Please set down only the lines below starting with the line with "Komplet cc broszka" and going on through the line with "iDO-Girls Ivory &", verbatim and without pictures.
----- Extracted information -----
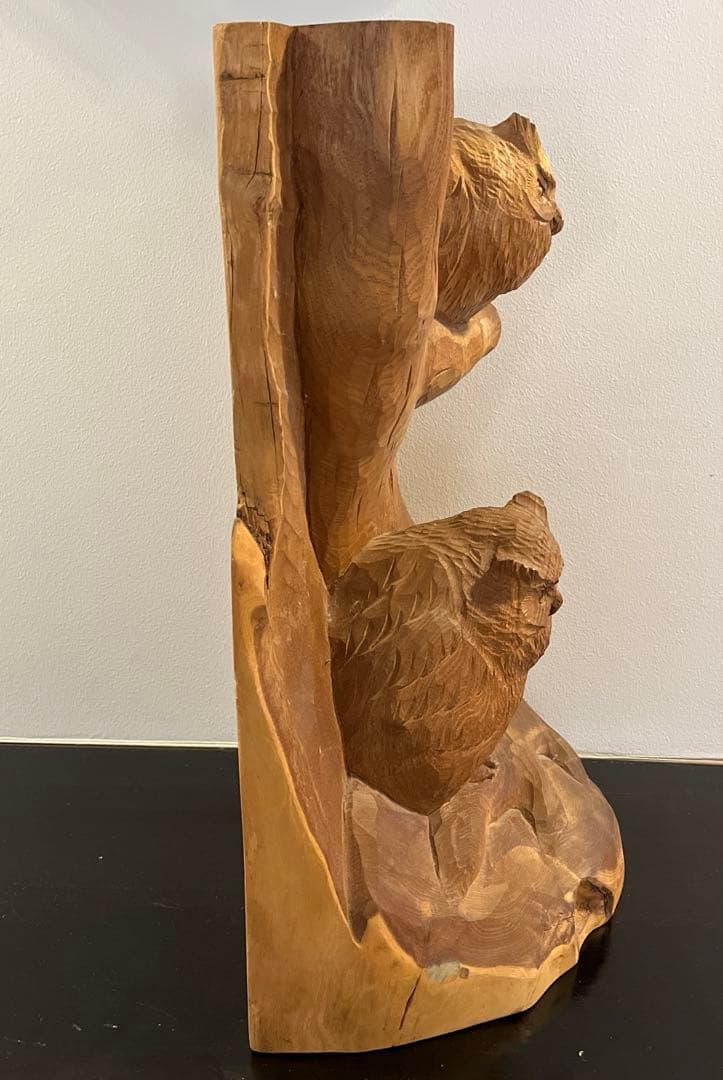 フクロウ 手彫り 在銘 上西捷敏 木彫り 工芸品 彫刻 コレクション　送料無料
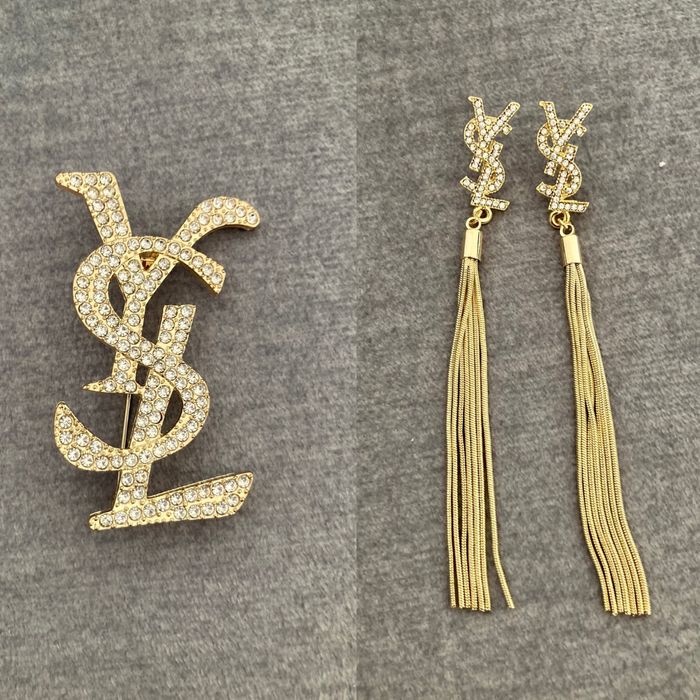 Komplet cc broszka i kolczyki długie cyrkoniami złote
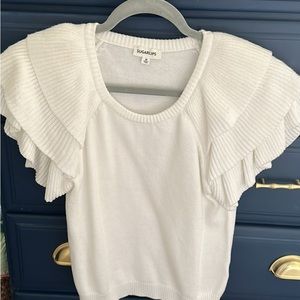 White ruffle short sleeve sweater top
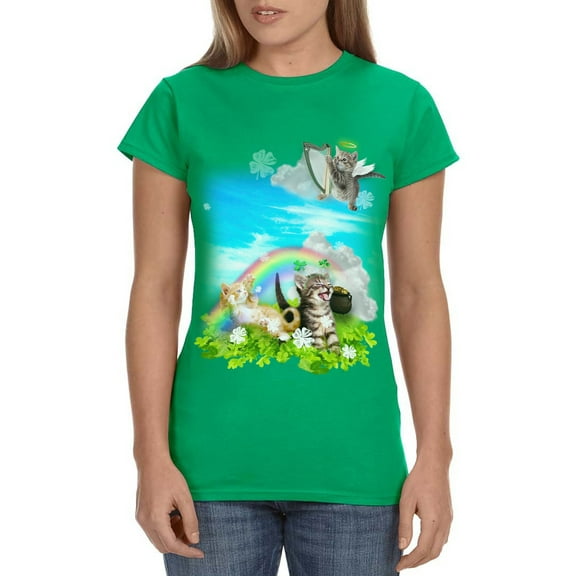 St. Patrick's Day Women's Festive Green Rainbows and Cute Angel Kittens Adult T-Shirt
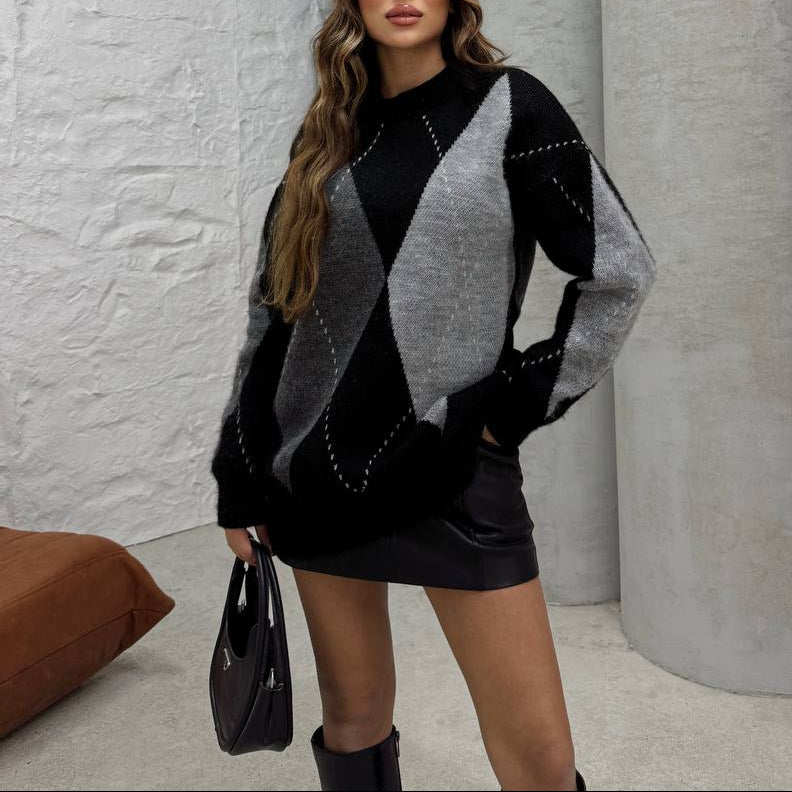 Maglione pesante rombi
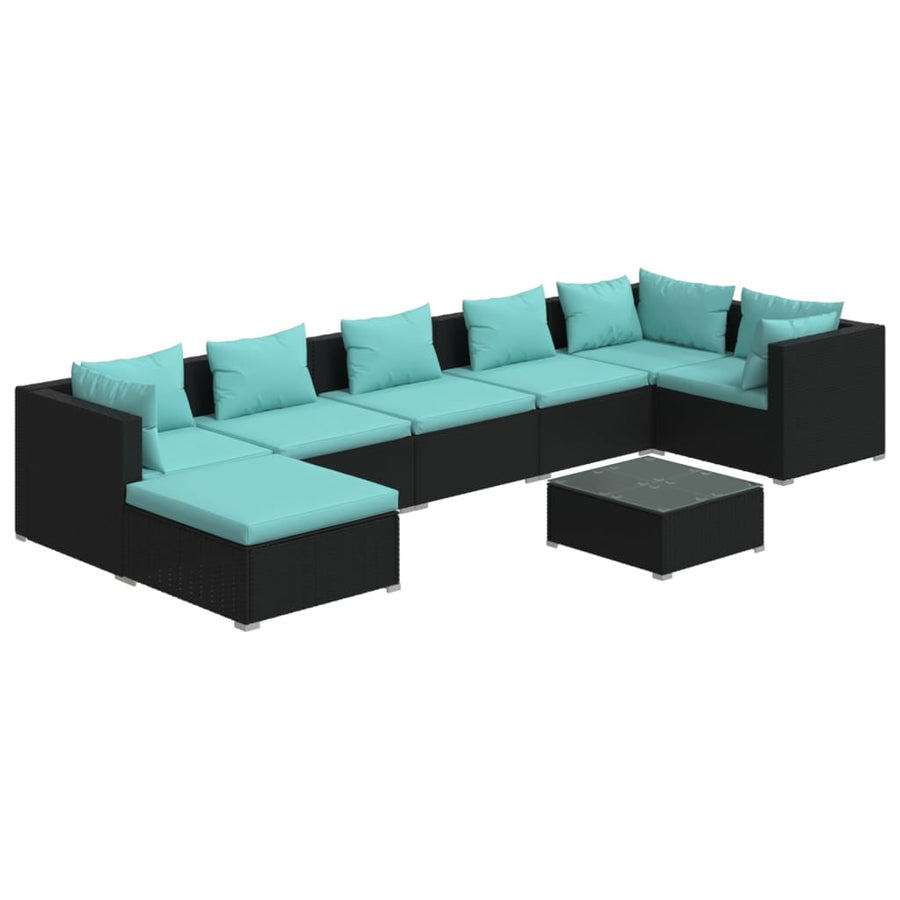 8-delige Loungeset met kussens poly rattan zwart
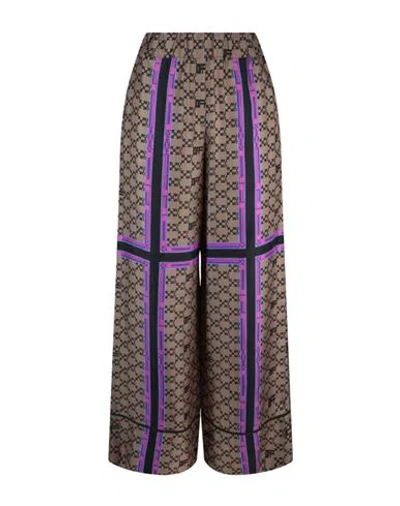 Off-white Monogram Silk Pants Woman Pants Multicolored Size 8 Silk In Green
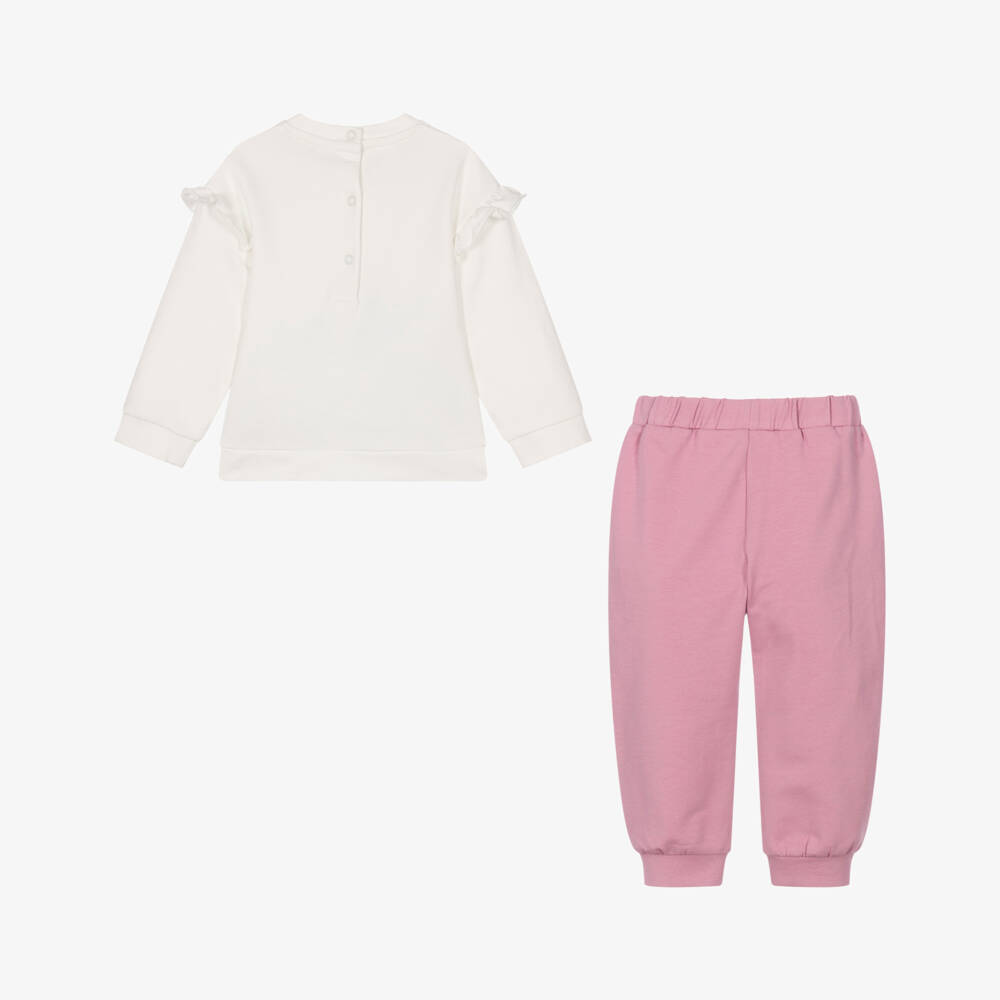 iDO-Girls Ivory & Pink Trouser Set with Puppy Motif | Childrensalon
-----
----- Extracted information -----
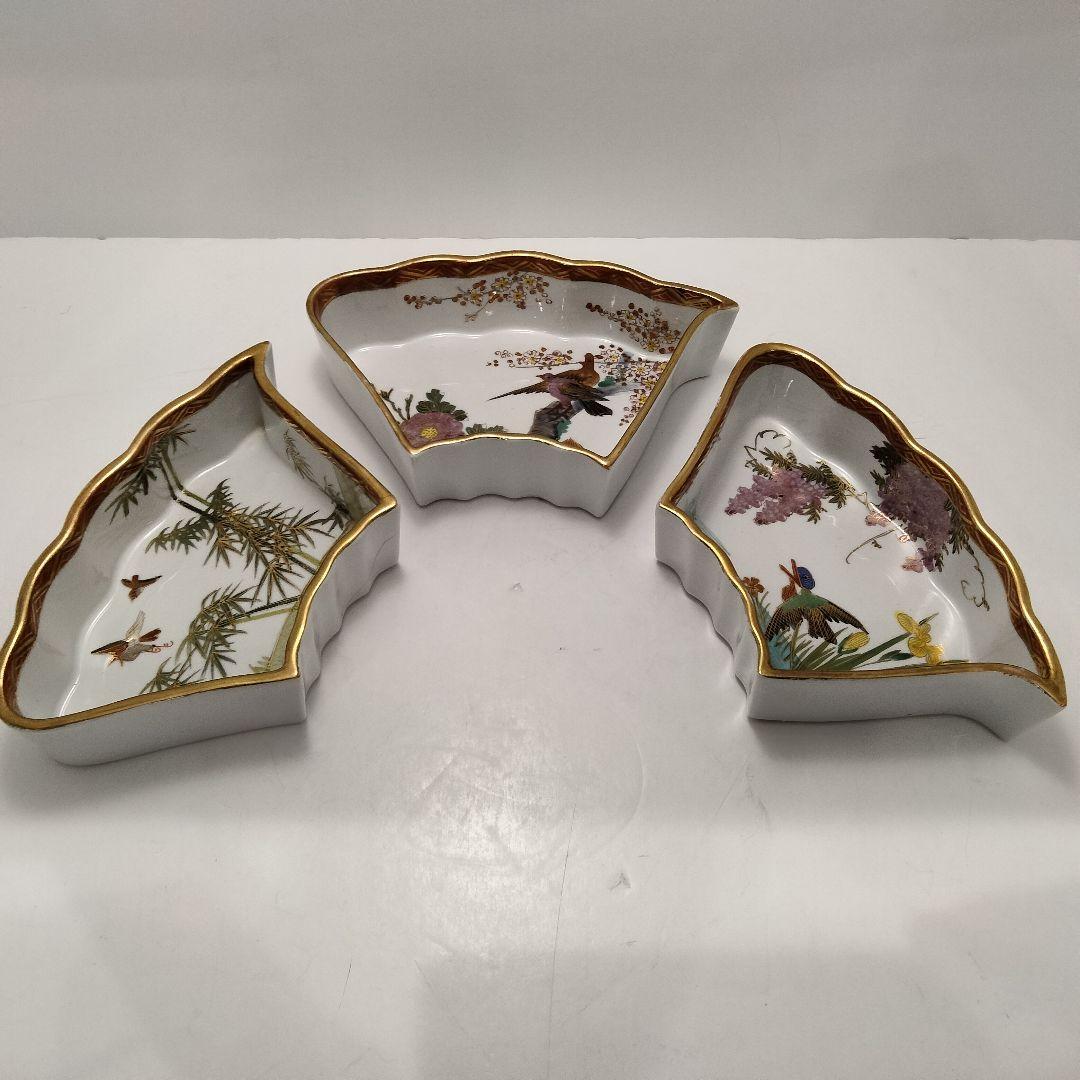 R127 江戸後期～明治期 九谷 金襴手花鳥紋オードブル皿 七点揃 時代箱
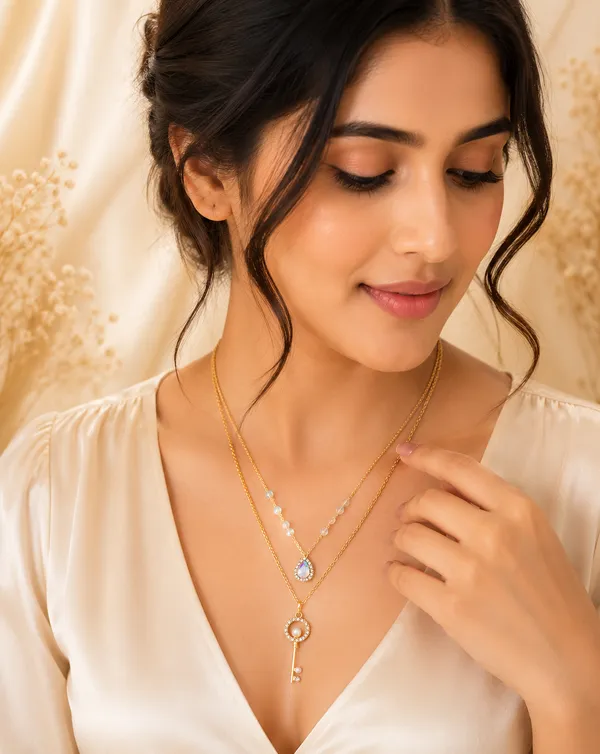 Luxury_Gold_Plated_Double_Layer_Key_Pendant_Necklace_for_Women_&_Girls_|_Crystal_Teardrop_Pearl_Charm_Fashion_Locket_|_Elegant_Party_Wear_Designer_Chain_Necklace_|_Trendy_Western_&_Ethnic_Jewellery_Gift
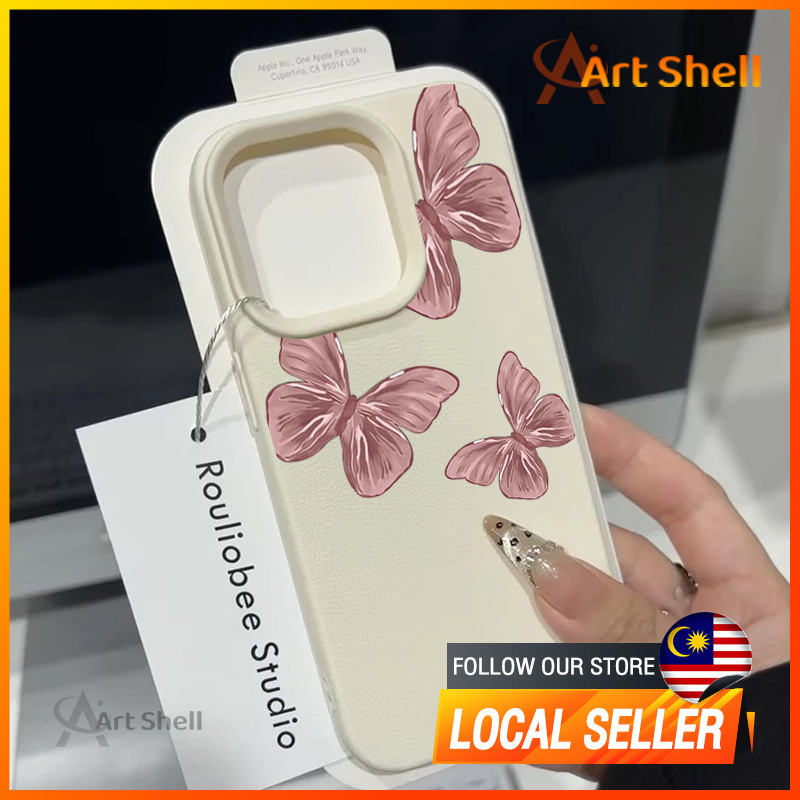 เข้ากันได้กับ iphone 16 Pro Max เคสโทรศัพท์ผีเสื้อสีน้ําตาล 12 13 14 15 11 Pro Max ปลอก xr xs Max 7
-----
----- Extracted information -----
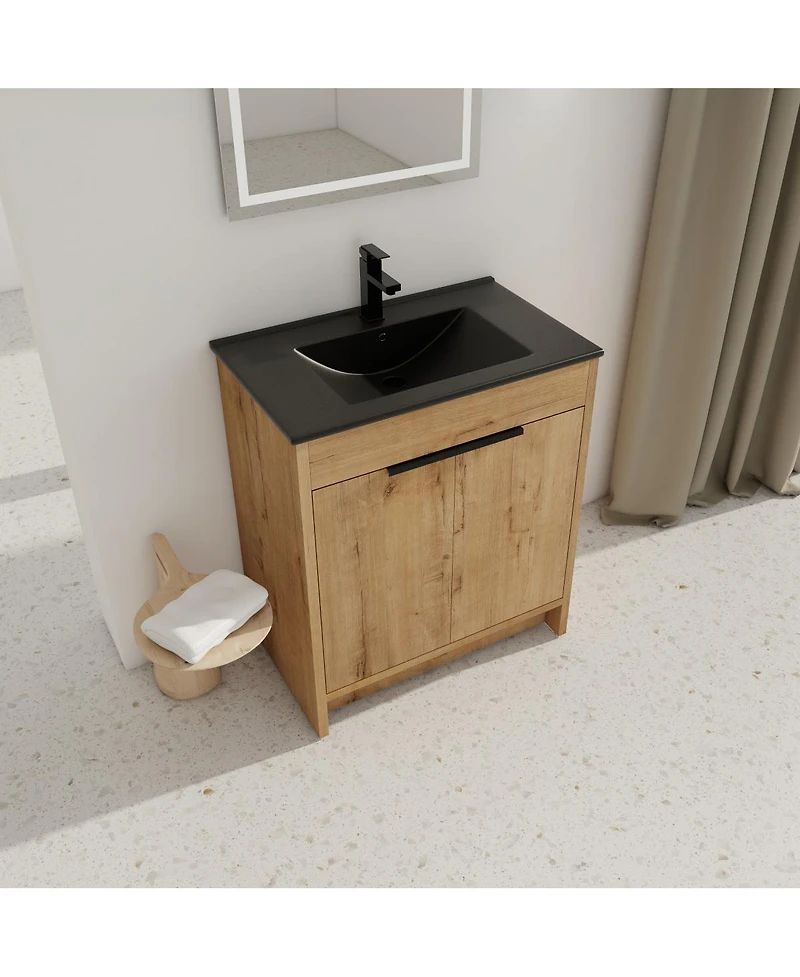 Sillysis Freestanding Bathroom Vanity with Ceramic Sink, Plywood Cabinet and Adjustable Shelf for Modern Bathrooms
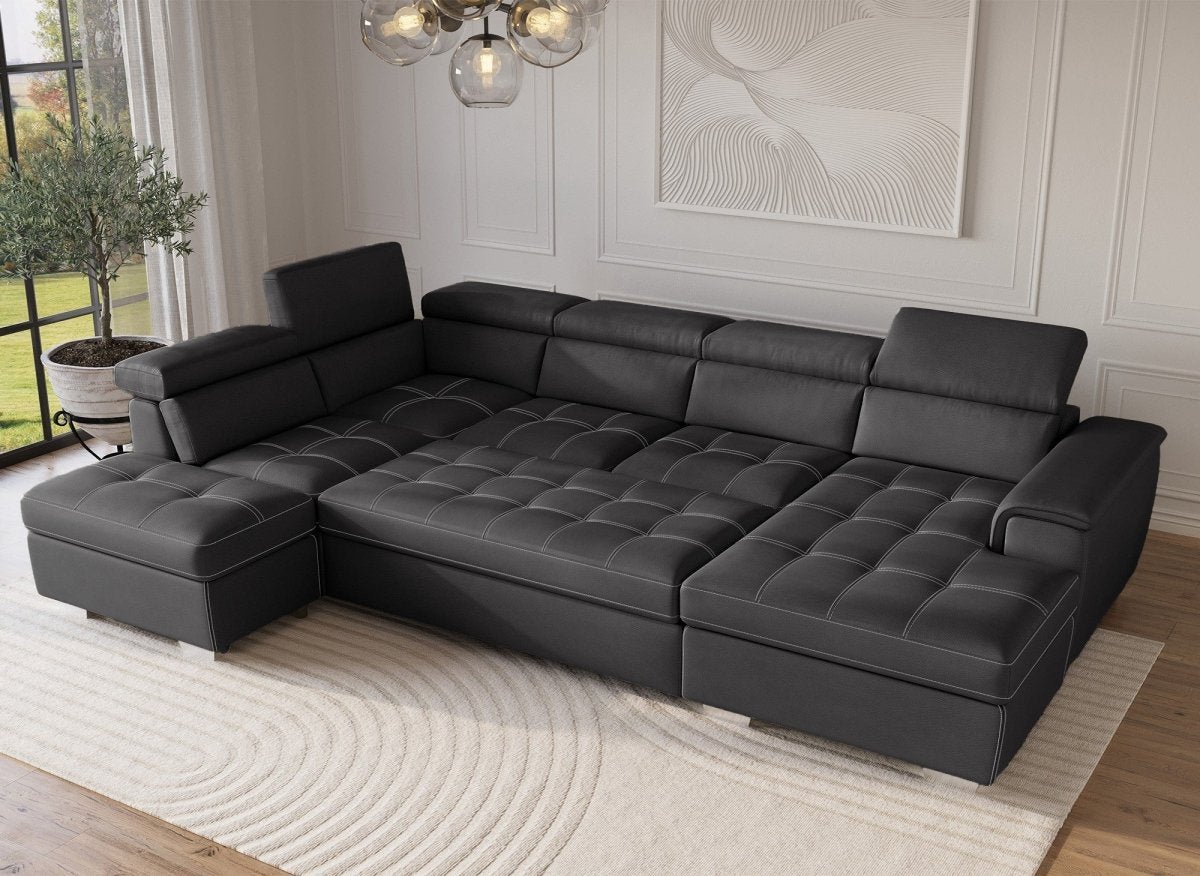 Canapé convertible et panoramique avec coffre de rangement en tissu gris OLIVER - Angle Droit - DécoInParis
-----
_Answer space:_
 Komplet cc broszka i kolczyki długie cyrkoniami złote
 White ruffle short sleeve sweater top
 St. Patrick's Day Women's Festive Green Rainbows and Cute Angel Kittens Adult T-Shirt
 Maglione pesante rombi
 8-delige Loungeset met kussens poly rattan zwart
 Off-white Monogram Silk Pants Woman Pants Multicolored Size 8 Silk In Green
 iDO-Girls Ivory & Pink Trouser Set with Puppy Motif | Childrensalon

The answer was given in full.